*** Task material ***

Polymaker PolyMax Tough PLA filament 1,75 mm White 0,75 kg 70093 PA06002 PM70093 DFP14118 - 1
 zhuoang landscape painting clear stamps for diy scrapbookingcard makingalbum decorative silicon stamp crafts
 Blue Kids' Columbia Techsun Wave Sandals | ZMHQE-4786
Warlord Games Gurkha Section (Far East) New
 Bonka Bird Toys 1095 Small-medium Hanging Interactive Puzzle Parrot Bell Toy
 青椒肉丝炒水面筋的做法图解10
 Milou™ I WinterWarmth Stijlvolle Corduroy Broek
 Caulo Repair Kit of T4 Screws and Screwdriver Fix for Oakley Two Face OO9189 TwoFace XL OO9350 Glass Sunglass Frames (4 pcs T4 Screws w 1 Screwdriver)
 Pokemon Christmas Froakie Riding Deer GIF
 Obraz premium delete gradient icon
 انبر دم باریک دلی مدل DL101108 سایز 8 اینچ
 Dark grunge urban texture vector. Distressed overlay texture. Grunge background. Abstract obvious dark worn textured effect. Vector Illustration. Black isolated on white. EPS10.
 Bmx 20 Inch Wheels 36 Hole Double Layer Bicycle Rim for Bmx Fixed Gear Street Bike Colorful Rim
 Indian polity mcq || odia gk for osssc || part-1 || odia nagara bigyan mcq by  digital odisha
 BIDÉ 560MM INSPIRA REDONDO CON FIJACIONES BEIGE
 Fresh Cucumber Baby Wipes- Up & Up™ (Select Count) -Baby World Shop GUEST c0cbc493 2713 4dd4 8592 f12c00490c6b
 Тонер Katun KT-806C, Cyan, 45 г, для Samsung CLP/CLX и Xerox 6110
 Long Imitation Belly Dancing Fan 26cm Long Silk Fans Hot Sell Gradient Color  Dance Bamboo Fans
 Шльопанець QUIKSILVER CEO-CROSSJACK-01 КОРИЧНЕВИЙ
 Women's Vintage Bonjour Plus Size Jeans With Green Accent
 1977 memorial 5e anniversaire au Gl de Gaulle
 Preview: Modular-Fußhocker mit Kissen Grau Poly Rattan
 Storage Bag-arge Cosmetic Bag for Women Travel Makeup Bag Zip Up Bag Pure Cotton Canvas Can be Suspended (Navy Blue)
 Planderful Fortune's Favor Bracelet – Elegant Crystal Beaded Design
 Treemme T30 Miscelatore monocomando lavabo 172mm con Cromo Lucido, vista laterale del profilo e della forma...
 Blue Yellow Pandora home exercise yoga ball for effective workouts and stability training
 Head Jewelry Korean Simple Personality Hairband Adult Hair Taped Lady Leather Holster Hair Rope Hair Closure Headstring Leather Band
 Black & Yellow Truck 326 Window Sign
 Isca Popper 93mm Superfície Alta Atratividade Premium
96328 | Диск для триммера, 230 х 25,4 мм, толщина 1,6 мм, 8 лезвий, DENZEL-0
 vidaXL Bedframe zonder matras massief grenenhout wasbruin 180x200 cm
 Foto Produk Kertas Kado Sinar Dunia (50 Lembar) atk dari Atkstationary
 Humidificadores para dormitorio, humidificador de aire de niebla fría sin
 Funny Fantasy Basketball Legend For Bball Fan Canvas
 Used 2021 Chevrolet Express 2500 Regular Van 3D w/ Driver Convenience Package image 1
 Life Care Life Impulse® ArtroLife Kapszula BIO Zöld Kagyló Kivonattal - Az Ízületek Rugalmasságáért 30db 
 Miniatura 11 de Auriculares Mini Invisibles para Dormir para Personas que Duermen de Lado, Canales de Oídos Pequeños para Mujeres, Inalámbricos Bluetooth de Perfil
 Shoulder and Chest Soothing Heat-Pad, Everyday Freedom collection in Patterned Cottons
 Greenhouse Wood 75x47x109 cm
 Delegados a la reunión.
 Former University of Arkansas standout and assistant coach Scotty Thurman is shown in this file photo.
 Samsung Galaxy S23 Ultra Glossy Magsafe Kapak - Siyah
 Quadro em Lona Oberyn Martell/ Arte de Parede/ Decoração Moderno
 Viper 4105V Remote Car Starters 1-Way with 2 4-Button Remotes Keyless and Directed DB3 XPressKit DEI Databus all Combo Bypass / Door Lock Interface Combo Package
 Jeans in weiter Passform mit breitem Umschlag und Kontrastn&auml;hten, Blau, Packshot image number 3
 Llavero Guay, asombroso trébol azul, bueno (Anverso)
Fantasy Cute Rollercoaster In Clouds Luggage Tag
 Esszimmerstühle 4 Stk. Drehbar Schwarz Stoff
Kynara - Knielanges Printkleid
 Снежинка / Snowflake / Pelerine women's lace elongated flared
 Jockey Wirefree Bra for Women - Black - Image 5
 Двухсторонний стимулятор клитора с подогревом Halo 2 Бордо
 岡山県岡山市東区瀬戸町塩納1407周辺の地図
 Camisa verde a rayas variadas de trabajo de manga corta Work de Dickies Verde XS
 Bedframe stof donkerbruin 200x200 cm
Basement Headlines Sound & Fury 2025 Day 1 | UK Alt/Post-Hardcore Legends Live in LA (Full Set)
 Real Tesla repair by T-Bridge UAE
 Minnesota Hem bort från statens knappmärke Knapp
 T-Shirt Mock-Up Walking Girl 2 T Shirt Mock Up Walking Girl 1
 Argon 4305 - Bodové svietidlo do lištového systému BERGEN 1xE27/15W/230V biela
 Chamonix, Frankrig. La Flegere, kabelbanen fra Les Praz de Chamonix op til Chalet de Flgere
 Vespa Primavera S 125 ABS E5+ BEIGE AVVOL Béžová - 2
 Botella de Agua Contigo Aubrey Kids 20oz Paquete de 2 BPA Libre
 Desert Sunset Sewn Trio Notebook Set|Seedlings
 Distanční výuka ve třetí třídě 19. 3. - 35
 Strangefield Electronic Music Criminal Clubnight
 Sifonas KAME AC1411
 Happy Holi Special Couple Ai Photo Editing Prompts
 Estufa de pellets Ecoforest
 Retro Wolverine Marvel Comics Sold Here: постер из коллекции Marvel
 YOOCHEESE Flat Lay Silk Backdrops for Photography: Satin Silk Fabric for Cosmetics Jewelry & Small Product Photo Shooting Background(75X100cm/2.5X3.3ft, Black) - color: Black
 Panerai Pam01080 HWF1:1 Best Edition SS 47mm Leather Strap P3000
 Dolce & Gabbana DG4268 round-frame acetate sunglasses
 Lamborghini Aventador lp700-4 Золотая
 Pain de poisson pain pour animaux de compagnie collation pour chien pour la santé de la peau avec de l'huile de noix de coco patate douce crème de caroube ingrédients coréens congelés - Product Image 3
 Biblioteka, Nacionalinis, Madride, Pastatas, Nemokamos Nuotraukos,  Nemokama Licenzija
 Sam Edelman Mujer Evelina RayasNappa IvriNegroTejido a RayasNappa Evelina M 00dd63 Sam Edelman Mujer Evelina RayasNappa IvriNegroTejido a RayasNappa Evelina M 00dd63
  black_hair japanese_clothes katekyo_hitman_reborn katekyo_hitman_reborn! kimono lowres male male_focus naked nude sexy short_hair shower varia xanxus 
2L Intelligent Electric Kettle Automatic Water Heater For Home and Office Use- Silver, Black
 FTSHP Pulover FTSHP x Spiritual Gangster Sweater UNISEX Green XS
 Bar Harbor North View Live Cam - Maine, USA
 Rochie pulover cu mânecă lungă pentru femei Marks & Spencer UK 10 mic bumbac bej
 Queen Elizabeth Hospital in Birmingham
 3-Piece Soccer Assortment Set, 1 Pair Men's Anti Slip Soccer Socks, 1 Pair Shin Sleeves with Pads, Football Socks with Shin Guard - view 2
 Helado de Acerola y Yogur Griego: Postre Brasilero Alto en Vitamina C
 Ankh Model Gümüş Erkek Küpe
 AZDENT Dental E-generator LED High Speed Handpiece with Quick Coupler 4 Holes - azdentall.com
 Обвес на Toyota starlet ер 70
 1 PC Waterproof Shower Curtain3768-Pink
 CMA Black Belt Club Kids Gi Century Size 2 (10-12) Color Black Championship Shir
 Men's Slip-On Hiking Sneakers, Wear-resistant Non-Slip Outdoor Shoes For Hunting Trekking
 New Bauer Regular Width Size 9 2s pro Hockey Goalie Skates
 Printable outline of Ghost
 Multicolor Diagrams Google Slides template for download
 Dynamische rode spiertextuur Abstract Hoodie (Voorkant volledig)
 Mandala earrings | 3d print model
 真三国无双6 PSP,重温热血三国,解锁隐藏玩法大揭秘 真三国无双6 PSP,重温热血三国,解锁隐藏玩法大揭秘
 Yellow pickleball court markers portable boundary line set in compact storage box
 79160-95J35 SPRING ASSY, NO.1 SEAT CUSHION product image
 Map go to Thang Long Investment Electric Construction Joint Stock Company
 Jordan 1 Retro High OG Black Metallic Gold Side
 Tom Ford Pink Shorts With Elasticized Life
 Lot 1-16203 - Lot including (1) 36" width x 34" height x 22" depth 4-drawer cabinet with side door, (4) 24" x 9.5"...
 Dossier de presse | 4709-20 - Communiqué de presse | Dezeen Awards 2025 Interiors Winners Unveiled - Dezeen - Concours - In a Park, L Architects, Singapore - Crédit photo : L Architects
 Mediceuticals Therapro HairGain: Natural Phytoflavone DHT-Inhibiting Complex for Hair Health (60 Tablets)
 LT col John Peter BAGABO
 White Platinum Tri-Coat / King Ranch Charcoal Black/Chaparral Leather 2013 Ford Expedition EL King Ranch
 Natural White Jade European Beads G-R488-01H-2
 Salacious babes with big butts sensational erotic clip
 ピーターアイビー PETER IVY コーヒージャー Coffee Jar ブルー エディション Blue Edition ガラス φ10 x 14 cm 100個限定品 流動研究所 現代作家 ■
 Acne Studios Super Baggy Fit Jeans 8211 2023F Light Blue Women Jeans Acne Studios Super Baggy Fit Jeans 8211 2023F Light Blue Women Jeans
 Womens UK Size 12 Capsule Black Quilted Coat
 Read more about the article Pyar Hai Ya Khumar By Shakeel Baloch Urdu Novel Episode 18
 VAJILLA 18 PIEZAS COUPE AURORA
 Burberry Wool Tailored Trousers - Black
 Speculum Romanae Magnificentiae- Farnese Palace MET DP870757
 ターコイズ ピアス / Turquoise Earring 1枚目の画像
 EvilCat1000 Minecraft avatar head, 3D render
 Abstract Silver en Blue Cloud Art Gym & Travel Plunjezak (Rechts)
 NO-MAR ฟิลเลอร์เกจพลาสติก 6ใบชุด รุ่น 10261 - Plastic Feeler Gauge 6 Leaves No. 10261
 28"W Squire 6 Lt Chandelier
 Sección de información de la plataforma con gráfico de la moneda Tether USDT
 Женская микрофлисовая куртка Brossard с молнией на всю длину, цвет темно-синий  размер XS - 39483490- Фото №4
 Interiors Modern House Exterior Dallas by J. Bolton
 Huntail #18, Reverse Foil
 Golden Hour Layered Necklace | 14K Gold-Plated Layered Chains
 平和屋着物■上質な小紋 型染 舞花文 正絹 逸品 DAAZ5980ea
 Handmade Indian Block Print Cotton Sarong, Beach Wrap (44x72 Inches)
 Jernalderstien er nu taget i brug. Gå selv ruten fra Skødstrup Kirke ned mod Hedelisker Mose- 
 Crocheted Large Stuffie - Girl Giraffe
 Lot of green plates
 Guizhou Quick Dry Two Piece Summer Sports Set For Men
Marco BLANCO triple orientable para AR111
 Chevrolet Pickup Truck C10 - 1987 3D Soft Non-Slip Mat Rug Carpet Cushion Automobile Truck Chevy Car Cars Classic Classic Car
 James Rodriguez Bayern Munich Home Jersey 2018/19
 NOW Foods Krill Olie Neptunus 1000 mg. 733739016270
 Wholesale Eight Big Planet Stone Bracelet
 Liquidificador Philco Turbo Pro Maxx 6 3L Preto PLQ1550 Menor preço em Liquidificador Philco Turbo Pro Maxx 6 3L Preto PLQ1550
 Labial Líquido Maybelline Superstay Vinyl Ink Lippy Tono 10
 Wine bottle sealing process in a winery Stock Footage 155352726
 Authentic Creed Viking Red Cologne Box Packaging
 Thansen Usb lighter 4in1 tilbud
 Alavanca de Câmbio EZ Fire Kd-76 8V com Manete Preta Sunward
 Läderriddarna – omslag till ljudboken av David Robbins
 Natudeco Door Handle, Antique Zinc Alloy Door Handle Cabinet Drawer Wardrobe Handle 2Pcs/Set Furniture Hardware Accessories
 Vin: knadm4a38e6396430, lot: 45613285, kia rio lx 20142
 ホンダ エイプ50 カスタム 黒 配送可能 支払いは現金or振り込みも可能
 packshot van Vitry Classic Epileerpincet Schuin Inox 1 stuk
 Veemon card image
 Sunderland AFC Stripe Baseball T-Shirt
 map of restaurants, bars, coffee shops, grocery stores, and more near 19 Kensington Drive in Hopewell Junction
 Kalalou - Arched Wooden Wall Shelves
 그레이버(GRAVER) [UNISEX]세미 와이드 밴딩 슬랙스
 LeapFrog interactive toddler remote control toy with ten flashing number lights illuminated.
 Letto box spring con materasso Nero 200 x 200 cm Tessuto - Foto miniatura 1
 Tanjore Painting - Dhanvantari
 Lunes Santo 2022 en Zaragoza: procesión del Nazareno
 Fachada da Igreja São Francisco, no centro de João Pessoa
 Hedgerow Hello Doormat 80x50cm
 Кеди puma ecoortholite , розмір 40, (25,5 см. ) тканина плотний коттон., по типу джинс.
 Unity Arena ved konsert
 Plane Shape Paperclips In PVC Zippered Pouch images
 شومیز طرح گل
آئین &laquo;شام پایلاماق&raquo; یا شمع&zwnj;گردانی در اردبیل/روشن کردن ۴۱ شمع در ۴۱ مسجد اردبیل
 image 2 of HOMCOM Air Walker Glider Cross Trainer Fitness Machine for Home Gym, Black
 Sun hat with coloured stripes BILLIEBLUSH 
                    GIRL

***

- Task directions:
Only the lines from the start of the data to the line holding "Blue Yellow Pandora" are wanted; return them exactly, both ends included.

- Written answer:
Polymaker PolyMax Tough PLA filament 1,75 mm White 0,75 kg 70093 PA06002 PM70093 DFP14118 - 1
 zhuoang landscape painting clear stamps for diy scrapbookingcard makingalbum decorative silicon stamp crafts
 Blue Kids' Columbia Techsun Wave Sandals | ZMHQE-4786
Warlord Games Gurkha Section (Far East) New
 Bonka Bird Toys 1095 Small-medium Hanging Interactive Puzzle Parrot Bell Toy
 青椒肉丝炒水面筋的做法图解10
 Milou™ I WinterWarmth Stijlvolle Corduroy Broek
 Caulo Repair Kit of T4 Screws and Screwdriver Fix for Oakley Two Face OO9189 TwoFace XL OO9350 Glass Sunglass Frames (4 pcs T4 Screws w 1 Screwdriver)
 Pokemon Christmas Froakie Riding Deer GIF
 Obraz premium delete gradient icon
 انبر دم باریک دلی مدل DL101108 سایز 8 اینچ
 Dark grunge urban texture vector. Distressed overlay texture. Grunge background. Abstract obvious dark worn textured effect. Vector Illustration. Black isolated on white. EPS10.
 Bmx 20 Inch Wheels 36 Hole Double Layer Bicycle Rim for Bmx Fixed Gear Street Bike Colorful Rim
 Indian polity mcq || odia gk for osssc || part-1 || odia nagara bigyan mcq by  digital odisha
 BIDÉ 560MM INSPIRA REDONDO CON FIJACIONES BEIGE
 Fresh Cucumber Baby Wipes- Up & Up™ (Select Count) -Baby World Shop GUEST c0cbc493 2713 4dd4 8592 f12c00490c6b
 Тонер Katun KT-806C, Cyan, 45 г, для Samsung CLP/CLX и Xerox 6110
 Long Imitation Belly Dancing Fan 26cm Long Silk Fans Hot Sell Gradient Color  Dance Bamboo Fans
 Шльопанець QUIKSILVER CEO-CROSSJACK-01 КОРИЧНЕВИЙ
 Women's Vintage Bonjour Plus Size Jeans With Green Accent
 1977 memorial 5e anniversaire au Gl de Gaulle
 Preview: Modular-Fußhocker mit Kissen Grau Poly Rattan
 Storage Bag-arge Cosmetic Bag for Women Travel Makeup Bag Zip Up Bag Pure Cotton Canvas Can be Suspended (Navy Blue)
 Planderful Fortune's Favor Bracelet – Elegant Crystal Beaded Design
 Treemme T30 Miscelatore monocomando lavabo 172mm con Cromo Lucido, vista laterale del profilo e della forma...
 Blue Yellow Pandora home exercise yoga ball for effective workouts and stability training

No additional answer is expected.